For example, the output specification determination unit 50 determines whether it is highly necessary for the user U to visually recognize the surrounding environment based on the environment information, and based on the determination result, determines the output specification (reference output specification) of the display unit 26A. You may decide. In this case, the output specification determination unit 50 determines the output specification (reference output specification) of the display unit 26A so that the higher the necessity of visually recognizing the surrounding environment, the higher the visibility of the environment image PM. The visibility here refers to the ease of viewing the environment image PM. For example, the output specification determination unit 50 may reduce the size of the content image PS or increase the transparency of the content image PS as the necessity of visually recognizing the surrounding environment increases. The restrictions on the display contents may be increased, or these may be combined. In order to increase the limitation on the display content of the content image PS, for example, the distribution image may be excluded from the display content and the display content may be at least one of the navigation image and the notification image. Further, it may be arbitrarily determined whether or not the user U needs to visually recognize the surrounding environment, and examples thereof include the case where the user U is moving or there is a dangerous object.

FIG. 7 is a schematic diagram illustrating an example of the level of the output specification of the content image. In the present embodiment, the output specification determination unit 50 may classify the output specifications of the content image PS into levels and select the level of the output specifications based on the environmental information. In this case, the output specifications of the content image PS are set so that the visibility of the environment image PM is different for each level. In the present embodiment, each level of the output specification is set so that the higher the level, the stronger the output stimulus and the lower the visibility of the environmental image PM. Therefore, the output specification determination unit 50 sets the level of the output specification higher as the necessity of visually recognizing the surrounding environment is lower. In the example of FIG. 7, at level 0, the content image PS is not displayed and only the environment image PM is visually recognized, so that the visibility of the environment image PM is the highest.

As shown in FIG. 7, at level 1, the content image PS is displayed, but the display content of the content image PS is limited. Here, the distribution image is excluded from the display content, and the display content is at least one of the navigation image and the notification image. Further, at level 1, the size of the content image PS is set small. At level 1, the content image PS is superimposed and displayed on the environment image PM only when it is necessary to display the navigation image and the notification image. Therefore, the visibility of the environment image PM at level 1 is lower than level 0 because the content image PS is displayed, but it is higher because the display content of the content image PS is limited.

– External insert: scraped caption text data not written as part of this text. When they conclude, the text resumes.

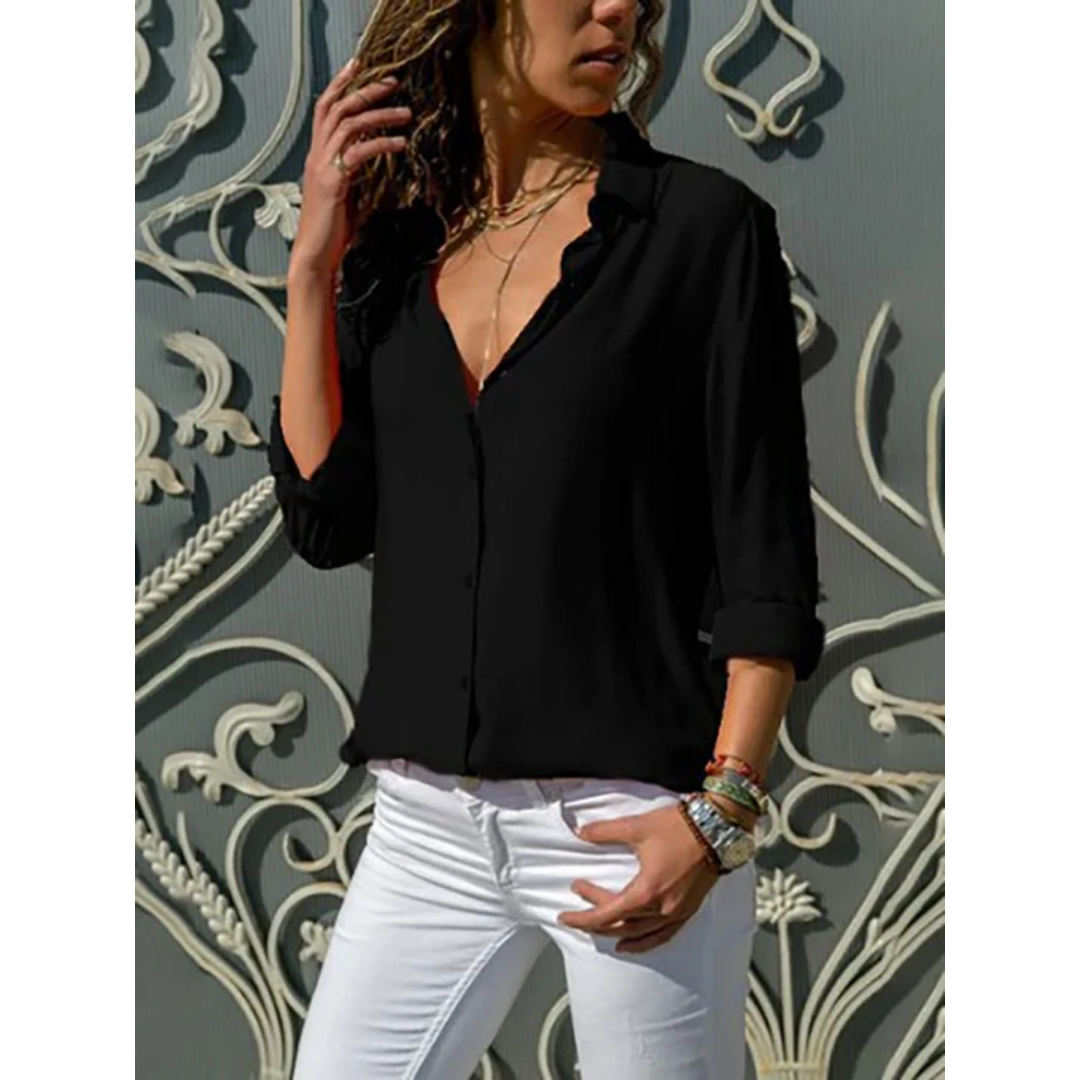 Sophia – Women's Formal Button-Down Shirt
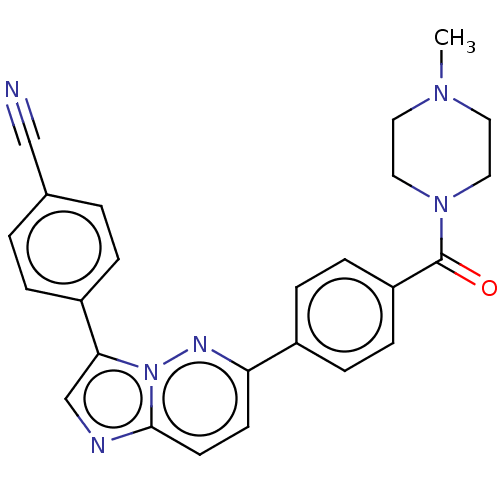 Chemical structure of BindingDB Monomer ID 375513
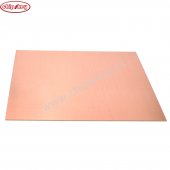 Single Size 20*20CM Fiberglass Laminate FR4 Copper Clad Circuit Board PCB Thick 1.4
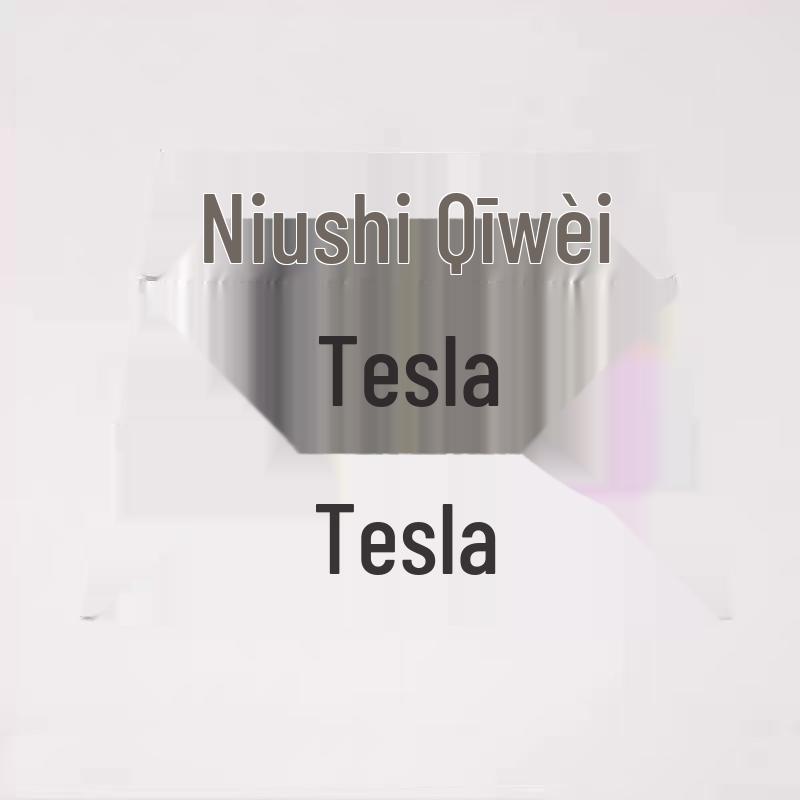 Tesla Model Y & 3 Front/Rear Trunk English Letter Logos Sticker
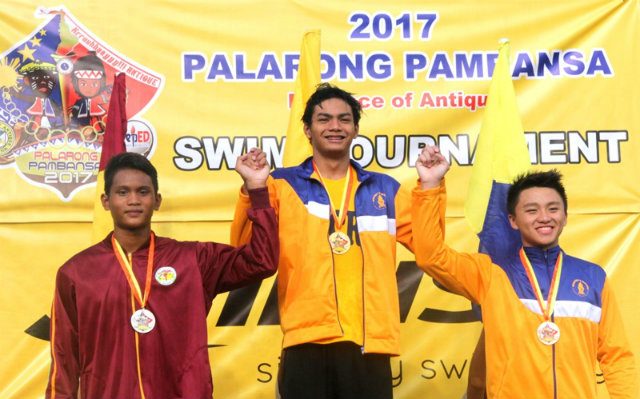 NCR star swimmer Ilustre set to conquer in Palaro 2017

As shown in FIG. 7, at level 2, the display content of the content image PS is not limited, but the size of the content image PS is limited and the size of the content image PS is set small. The visibility of the environment image PM at level 2 is lower than that at level 1 because the display content is not limited.

As shown in FIG. 7, at level 3, the display content and size of the content image PS are not limited, and for example, the content image PS is displayed on the entire screen of the display unit 26A. However, at level 3, the transparency of the content image PS is limited, and the transparency is set high. Therefore, at level 3, the translucent content image PS and the environment image PM superimposed on the content image PS are visually recognized. The visibility of the environment image PM at level 3 is lower than that of level 2 because the size of the content image PS is not limited.

As shown in FIG. 7, at level 4, the display content, size, and transparency of the content image PS are not limited, and for example, the content image PS has zero transparency on the entire screen of the display unit 26A. It is displayed. At level 4, since the transparency of the content image PS is zero (opaque), the environment image PM is not visually recognized, and only the content image PS is visually recognized. Therefore, the visibility of the environmental image PM at level 4 is the lowest. At level 4, for example, an image that falls within the visual field range of the user U may be displayed as an environment image PM in a part of the screen of the display unit 26A.

Although the output specifications of the display unit 26A have been described above, the output specification determination unit 50 also determines the output specifications of the voice output unit 26B and the sensory stimulation output unit 26C. Examples of the output specifications (voice specifications) of the voice output unit 26B include volume, presence / absence and degree of sound. Acoustic refers to special effects such as surround and three-dimensional sound fields. The louder the volume and the louder the degree of sound, the stronger the degree of auditory stimulation to the user U can be. For example, the output specification determination unit 50 determines whether it is highly necessary for the user U to hear surrounding sounds based on the environmental information, and based on the determination result, determines the output specification (reference output specification) of the audio output unit 26B. You may decide. In this case, the output specification determination unit 50 has an output specification (reference output specification) of the audio output unit 26B so that the lower the need to hear the surrounding sound, the louder the volume and the louder the degree of sound. To decide. It may be arbitrarily determined whether or not the user U has a high need to hear the surrounding sounds, and examples thereof include the case where the user U is moving or there is a dangerous object. The output specification determination unit 50 may set the level of the output specification of the audio output unit 26B in the same manner as the output specification of the display unit 26A.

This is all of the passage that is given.